Physical Design, Features, and Dual-Screens
The Sony Tablet P uses a dual-screen, rounded clamshell design. It resembles the equally audacious Kyocera Echo (3 stars) smartphone, but in a larger form. When open flat, the Tablet P measures 6.2 by 7.1 by 0.5 inches (HWD) and weighs 13.12 ounces. There are two removable plastic shells on either side, with the top covering the SIM card slot and the bottom covering the removable battery and microSD card slot. Both of these plastic covers are flimsy and the top one popped off several times during testing. When closed the Tablet P can fit into some roomier pockets, but I would hardly call it pocket-friendly.
The Power and Volume buttons are on right edge of the bottom half of the tablet, along with a microUSB port and a proprietary power port. The Tablet P connects to computers via included microUSB cable, but doesn’t charge over USB—for that you’ll need the included AC adapter. Along the left side is a tiny hole for a weak built-in speaker, which was easy to cover accidentally. A 3.5mm headphone jack sits on the bottom edge.
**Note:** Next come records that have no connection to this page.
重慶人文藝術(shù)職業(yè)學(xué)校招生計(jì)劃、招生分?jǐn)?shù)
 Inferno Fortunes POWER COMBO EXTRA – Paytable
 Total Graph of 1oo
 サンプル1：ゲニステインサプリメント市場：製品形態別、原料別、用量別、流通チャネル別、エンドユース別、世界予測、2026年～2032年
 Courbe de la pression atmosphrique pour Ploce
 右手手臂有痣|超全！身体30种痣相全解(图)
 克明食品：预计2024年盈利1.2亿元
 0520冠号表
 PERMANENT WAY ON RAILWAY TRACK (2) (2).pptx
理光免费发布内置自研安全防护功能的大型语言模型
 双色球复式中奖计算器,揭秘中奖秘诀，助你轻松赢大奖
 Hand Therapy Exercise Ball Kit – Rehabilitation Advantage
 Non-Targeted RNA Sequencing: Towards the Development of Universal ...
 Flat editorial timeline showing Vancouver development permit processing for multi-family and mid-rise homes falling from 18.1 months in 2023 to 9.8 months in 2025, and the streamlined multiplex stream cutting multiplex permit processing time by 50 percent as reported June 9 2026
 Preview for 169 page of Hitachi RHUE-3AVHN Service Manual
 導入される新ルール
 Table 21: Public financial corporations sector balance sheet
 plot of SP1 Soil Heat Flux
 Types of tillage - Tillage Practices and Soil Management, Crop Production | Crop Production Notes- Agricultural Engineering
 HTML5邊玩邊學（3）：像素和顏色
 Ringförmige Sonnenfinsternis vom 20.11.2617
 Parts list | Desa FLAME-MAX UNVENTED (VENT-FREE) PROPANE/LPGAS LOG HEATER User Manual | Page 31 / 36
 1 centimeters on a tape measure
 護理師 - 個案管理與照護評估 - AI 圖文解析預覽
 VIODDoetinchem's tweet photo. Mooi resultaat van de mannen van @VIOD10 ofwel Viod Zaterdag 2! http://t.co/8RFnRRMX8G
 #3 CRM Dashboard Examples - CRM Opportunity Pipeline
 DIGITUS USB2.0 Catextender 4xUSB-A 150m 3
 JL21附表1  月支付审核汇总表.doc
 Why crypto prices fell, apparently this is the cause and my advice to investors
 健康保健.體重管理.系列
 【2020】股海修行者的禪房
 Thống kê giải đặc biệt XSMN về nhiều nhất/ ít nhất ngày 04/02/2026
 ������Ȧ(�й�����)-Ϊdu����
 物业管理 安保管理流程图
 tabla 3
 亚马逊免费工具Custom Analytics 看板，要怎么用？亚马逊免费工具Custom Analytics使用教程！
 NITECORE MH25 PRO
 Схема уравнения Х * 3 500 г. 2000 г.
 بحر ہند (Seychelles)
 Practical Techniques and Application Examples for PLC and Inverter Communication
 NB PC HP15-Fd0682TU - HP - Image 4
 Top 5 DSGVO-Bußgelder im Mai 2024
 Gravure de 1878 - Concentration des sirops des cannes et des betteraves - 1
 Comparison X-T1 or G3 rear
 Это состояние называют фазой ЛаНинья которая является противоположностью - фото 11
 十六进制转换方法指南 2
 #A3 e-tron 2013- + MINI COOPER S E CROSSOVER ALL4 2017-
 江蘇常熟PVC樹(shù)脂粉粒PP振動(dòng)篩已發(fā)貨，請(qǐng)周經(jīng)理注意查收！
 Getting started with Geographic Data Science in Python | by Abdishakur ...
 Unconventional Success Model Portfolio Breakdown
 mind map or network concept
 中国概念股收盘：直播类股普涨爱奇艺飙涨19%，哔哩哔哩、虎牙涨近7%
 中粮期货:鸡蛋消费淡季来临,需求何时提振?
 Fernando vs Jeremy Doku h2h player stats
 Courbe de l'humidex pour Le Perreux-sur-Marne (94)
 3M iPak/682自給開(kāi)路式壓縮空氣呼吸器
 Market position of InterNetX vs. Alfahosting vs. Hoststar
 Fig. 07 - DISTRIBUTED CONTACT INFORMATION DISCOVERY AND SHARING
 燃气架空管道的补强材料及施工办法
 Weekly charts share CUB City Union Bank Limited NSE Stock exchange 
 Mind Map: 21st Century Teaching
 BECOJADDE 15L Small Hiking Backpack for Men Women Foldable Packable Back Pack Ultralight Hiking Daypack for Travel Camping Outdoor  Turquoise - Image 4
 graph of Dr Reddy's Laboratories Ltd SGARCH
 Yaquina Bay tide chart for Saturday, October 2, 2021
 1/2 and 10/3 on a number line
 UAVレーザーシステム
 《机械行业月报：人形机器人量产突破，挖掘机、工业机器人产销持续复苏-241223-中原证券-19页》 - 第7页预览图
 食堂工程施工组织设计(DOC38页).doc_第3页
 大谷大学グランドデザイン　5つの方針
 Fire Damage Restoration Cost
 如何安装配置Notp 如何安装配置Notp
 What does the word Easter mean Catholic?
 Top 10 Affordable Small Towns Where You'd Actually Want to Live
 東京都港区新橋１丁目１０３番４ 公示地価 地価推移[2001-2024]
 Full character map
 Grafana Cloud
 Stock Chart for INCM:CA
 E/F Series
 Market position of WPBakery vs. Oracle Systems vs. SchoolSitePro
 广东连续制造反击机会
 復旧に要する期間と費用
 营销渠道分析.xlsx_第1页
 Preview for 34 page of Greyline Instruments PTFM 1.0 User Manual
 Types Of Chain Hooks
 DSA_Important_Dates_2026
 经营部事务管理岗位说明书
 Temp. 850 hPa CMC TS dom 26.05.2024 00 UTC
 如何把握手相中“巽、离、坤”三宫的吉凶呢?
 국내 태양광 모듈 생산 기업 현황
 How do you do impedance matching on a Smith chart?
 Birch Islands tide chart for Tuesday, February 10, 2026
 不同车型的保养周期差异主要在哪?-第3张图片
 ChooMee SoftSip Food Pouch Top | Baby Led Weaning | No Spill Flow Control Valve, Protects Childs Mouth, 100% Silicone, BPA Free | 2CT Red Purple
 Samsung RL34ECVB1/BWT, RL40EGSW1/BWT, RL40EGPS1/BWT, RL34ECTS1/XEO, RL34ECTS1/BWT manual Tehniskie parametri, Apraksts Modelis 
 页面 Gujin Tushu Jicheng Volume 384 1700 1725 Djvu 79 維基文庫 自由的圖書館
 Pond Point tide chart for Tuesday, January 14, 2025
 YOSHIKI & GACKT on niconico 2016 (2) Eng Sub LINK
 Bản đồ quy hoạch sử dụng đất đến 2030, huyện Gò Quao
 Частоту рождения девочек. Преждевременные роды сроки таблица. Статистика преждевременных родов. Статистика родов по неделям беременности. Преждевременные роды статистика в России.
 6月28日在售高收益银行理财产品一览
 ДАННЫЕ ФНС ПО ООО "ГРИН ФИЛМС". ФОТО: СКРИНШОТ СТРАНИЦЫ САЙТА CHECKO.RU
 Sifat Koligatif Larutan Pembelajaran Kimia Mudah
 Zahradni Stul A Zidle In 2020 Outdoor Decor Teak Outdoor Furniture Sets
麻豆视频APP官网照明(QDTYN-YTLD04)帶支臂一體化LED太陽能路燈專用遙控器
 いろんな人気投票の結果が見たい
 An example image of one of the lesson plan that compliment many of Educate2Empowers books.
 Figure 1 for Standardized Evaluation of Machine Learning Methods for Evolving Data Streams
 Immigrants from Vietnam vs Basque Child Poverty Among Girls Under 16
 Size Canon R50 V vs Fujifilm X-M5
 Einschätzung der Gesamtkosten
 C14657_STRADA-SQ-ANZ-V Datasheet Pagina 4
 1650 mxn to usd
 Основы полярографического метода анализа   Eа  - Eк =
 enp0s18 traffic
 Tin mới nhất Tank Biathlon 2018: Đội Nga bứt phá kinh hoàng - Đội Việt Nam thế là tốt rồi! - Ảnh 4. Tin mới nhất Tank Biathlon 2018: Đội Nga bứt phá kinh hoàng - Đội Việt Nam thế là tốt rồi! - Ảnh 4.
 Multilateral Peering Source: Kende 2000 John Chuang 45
Each of the 5.5-inch LCD screens has 1024-by-480-pixel resolution. But the whole is less than the sum of its parts: together, the two screens form a 7-inch, square screen with a notable seam between the two halves. Both 1024-by-480 and 1024-by-960 are nonstandard Android resolutions, which could cause trouble for third-party apps. The whole thing is surrounded by an inch-wide bezel, which made it difficult to reach the middle of the screens with my thumbs. The screens are bright, with vivid colors and deep blacks, and text appears particularly sharp. But the clamshell design makes it hard to get both at an optimal angle unless laid completely flat. The hinge is sturdy and stays put at any angle.
There is a 5-megapixel camera on the back of the top half of the Tablet P, while a VGA front-facing camera is positioned inside, on the right. The rear-facing camera suffers from the same problems as most tablet cameras—soft pictures, dull color and detail, and too much image noise. There is also a long delay between shots. Don’t count on the Tablet P to replace even your smartphone camera.
The Sony Tablet P is available through ATT and connects to its HSPA+42 network, but not to 4G LTE. The Tablet P costs $399.99 with a two-year contract or $549.99 without. Off contract, that’s more than the superior Asus Eee Pad Transformer Prime ($499, 4 stars) and the new iPad ($499-$829). There are two contract data plans, either $35 a month for 3GB or $50 for 5GB. Off-contract data can be bought in three flavors: $14.99 for 250MB, $30 for 3GB, or $50 for 5GB.